▶ _EXERCISE INSTRUCTIONS_
Going down the data below, set down exactly the line with "On the bottom" and each line after it through the line with "What you're going"; no other lines.

▶ _RECORDS SHOWN_
*** Begin section ***

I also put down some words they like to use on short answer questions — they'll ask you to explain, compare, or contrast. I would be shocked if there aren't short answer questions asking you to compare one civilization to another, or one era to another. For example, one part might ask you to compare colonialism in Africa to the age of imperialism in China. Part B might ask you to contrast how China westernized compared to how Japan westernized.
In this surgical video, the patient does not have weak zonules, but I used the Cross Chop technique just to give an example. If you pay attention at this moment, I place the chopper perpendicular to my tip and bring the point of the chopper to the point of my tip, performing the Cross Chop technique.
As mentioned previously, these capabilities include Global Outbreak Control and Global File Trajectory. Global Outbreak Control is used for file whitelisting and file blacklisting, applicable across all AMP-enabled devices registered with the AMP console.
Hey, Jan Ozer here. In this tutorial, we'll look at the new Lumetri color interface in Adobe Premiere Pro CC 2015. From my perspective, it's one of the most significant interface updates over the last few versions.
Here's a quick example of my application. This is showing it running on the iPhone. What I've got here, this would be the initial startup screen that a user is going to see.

*** End section ***
*** Begin section ***

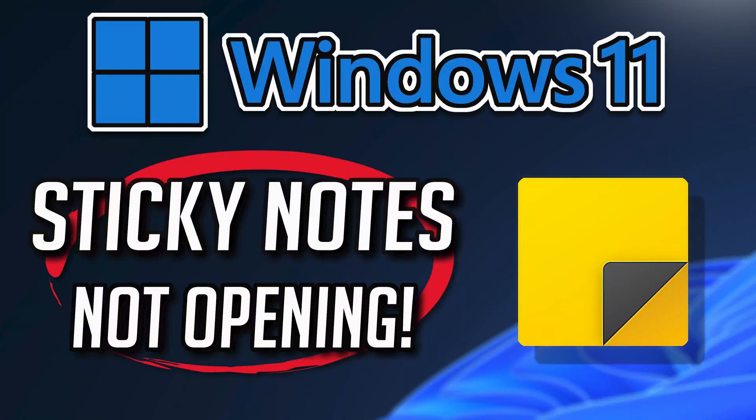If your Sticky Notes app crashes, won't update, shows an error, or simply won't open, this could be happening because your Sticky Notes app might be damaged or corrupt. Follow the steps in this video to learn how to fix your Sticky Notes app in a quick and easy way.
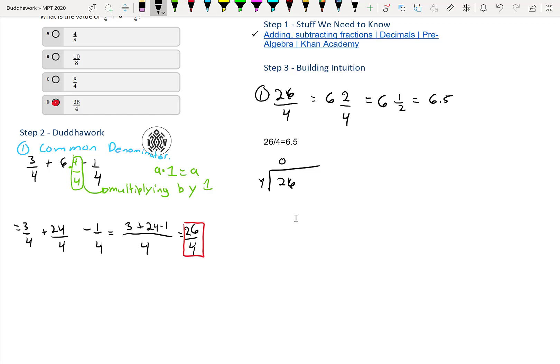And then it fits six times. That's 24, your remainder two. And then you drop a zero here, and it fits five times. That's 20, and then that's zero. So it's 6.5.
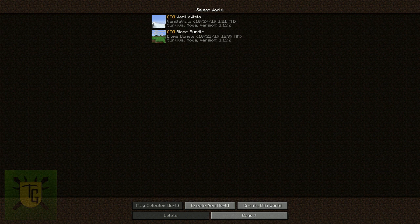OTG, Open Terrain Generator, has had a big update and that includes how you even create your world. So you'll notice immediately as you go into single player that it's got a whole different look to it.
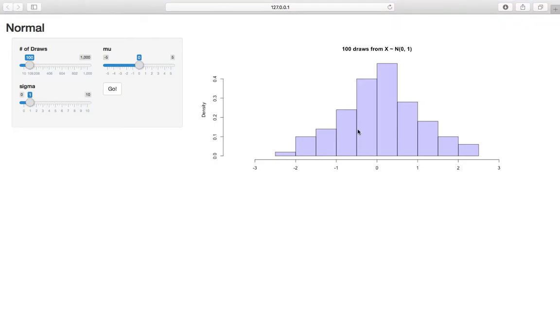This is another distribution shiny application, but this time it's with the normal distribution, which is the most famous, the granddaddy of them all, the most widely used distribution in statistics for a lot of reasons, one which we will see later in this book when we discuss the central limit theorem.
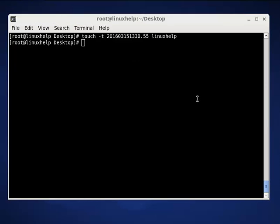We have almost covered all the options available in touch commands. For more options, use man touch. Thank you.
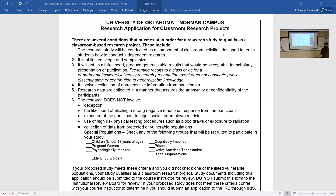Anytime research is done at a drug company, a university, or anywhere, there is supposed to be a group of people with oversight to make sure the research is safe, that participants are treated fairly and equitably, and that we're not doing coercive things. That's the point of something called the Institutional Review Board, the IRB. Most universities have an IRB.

*** End section ***
*** Begin section ***

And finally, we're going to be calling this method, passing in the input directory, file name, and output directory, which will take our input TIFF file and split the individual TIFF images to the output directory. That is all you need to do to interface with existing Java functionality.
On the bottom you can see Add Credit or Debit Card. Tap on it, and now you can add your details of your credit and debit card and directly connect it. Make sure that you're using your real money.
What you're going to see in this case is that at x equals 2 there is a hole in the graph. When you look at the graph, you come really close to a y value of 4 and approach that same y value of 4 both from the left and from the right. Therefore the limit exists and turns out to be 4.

*** End section ***

▶ _ANSWER TO THIS EXERCISE_
On the bottom you can see Add Credit or Debit Card. Tap on it, and now you can add your details of your credit and debit card and directly connect it. Make sure that you're using your real money.
What you're going to see in this case is that at x equals 2 there is a hole in the graph. When you look at the graph, you come really close to a y value of 4 and approach that same y value of 4 both from the left and from the right. Therefore the limit exists and turns out to be 4.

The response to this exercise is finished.